İhalesiz Ödemeler ve Yurt Dışına Transferler

BKM’deki usulsüzlükler yalnızca ihalelerle sınırlı kalmadı. Boğaziçi Üniversitesi Teknoloji Transfer Ofisi’ne ihalesiz olarak 44 milyon 150 bin TL ödeme yapıldığı, fiyat teklifi alınmadan sözleşmelerin imzalandığı ve iş tamamlanmadan tüm meblağın ödendiği raporda yer aldı.

Ayrıca, Emrah Şener’in kardeşi İbrahim Şener’e 200 bin TL, Singapur’daki paravan bir şirkete ise 693 bin 236 Euro aktarıldığı tespit edildi. Bunun dışında, Be Bold adlı şirkete ajans hizmeti için doğrudan ödeme yapılması, yurt dışında eğitim gören öğrencilere verilmiş gibi gösterilen yemek kartlarının Şener’e bırakılması ve eski Genel Müdür Baran Aytaş’a tahsis edilen kurumsal kredi kartının Şener tarafından kullanılması da raporda yer alan bulgular arasında.

Tutukluların İfadeleri

Eski Başkan Yardımcısı Emrah Şener, soruşturma kapsamında verdiği ifadede BKM’de yapılan ihale ve ödemelerle ilgisinin olmadığını savundu. Şener, Boğaziçi Üniversitesi’nde görev yaptığı dönemde yapılan tek para transferinin kendisiyle alakalı olduğunu belirtti.

Eski Genel Müdür Baran Aytaş ise işlemleri Şener’in talimatıyla gerçekleştirdiğini, baskı altında olduğunu ve sorumluluğu kendi iradesi dışında üstlendiğini söyledi. Avukatları, müvekkillerinin işlerini kaybetmemek için imza atmak zorunda kaldığını ifade etti.

Merkez Bankası’ndan Açıklama

TCMB’den yapılan açıklamada, operasyonun iç denetimde tespit edilen usulsüzlükler doğrultusunda başlatıldığı bildirildi. Banka, BKM’deki denetim sürecinin Başkanlık onayı ile yürütüldüğünü ve suç şüphesi bulunan bulguların 6 Aralık 2024 tarihinde savcılığa iletildiğini vurguladı. Açıklamada, sürecin titizlikle takip edildiği ve mali şeffaflığın korunmasının öncelikli hedef olduğu ifade edildi.

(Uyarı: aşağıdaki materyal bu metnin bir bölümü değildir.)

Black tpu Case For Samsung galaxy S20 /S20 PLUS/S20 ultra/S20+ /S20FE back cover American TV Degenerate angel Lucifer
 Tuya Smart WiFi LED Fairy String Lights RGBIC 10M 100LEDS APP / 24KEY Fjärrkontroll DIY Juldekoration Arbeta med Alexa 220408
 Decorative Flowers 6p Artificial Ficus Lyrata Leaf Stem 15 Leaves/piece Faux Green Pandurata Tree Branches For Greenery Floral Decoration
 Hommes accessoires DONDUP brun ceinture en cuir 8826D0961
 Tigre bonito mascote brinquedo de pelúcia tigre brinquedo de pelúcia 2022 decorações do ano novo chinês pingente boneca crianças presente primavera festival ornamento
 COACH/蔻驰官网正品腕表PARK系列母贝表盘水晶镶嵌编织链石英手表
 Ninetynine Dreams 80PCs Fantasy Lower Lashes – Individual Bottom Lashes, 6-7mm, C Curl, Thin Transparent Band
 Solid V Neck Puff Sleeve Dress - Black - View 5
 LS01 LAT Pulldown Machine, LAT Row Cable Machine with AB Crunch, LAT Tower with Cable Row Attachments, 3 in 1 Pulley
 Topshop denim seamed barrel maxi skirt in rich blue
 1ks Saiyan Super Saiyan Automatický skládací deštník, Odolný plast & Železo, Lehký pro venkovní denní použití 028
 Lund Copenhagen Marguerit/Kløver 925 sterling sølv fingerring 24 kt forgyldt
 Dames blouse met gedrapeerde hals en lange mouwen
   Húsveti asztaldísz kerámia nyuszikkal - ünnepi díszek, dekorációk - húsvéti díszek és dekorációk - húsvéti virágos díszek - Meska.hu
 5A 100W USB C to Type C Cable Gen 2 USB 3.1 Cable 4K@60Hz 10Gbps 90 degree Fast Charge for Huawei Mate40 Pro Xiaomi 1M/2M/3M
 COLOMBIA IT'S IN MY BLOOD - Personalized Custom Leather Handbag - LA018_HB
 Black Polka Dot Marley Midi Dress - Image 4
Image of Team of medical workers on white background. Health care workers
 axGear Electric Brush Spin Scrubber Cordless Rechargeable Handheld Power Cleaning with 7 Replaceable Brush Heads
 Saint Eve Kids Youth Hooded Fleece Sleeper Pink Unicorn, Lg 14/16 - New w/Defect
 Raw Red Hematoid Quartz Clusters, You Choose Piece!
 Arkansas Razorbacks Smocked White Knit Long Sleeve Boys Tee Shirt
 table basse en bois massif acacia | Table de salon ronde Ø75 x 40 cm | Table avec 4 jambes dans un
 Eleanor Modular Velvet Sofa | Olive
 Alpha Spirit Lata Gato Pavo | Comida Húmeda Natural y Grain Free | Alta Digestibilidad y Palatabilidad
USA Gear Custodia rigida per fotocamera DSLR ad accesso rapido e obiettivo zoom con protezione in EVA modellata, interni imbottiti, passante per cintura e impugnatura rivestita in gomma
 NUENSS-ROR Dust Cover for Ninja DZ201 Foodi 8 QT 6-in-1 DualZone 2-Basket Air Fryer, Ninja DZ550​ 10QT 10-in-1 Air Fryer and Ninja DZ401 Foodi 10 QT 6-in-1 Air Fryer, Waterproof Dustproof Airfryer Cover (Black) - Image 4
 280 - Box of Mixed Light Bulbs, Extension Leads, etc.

Kamuoyunda ve Finans Dünyasında Yankıları

‘Troy’ operasyonu, Türkiye’de kamu kurumlarında mali şeffaflık ve denetim süreçlerinin önemini bir kez daha gündeme getirdi. Uzmanlar, operasyonun ilerleyen süreçte ihalelerde şeffaflığı artırabileceğini ve kurumların iç denetim mekanizmalarını güçlendirebileceğini belirtiyor.

Özellikle ihale süreçlerinde usulsüzlüklerin tespit edilmesi, kamu kaynaklarının kullanımında hesap verebilirlik tartışmalarını yeniden alevlendirdi. Operasyonun sonuçları, devlet ile özel sektör arasındaki mali ilişkilerin güvenilirliği ve denetlenebilirliği açısından kritik bir sınav olarak değerlendiriliyor.

Gelecek Beklentileri

Soruşturmanın ilerleyen aşamalarında yargılamaların seyri, kamu kaynaklarının yönetiminde sorumluluk ve denetim mekanizmalarının etkinliğini belirleyecek. Troy operasyonu, yalnızca mali usulsüzlükleri ortaya çıkarmakla kalmayacak, aynı zamanda Türkiye’de kurumsal yönetim, şeffaflık ve hesap verebilirlik kültürünü de sorgulayan bir dönemeç olarak tarihe geçecek.

Kamu ve finans çevreleri, soruşturmanın detaylarını ve olası cezai yaptırımların sektöre yansımalarını yakından izliyor. Türkiye’deki mali şeffaflık ve kamu ihale sisteminin geleceği, Troy operasyonunun sonuçlarıyla şekillenecek gibi görünüyor.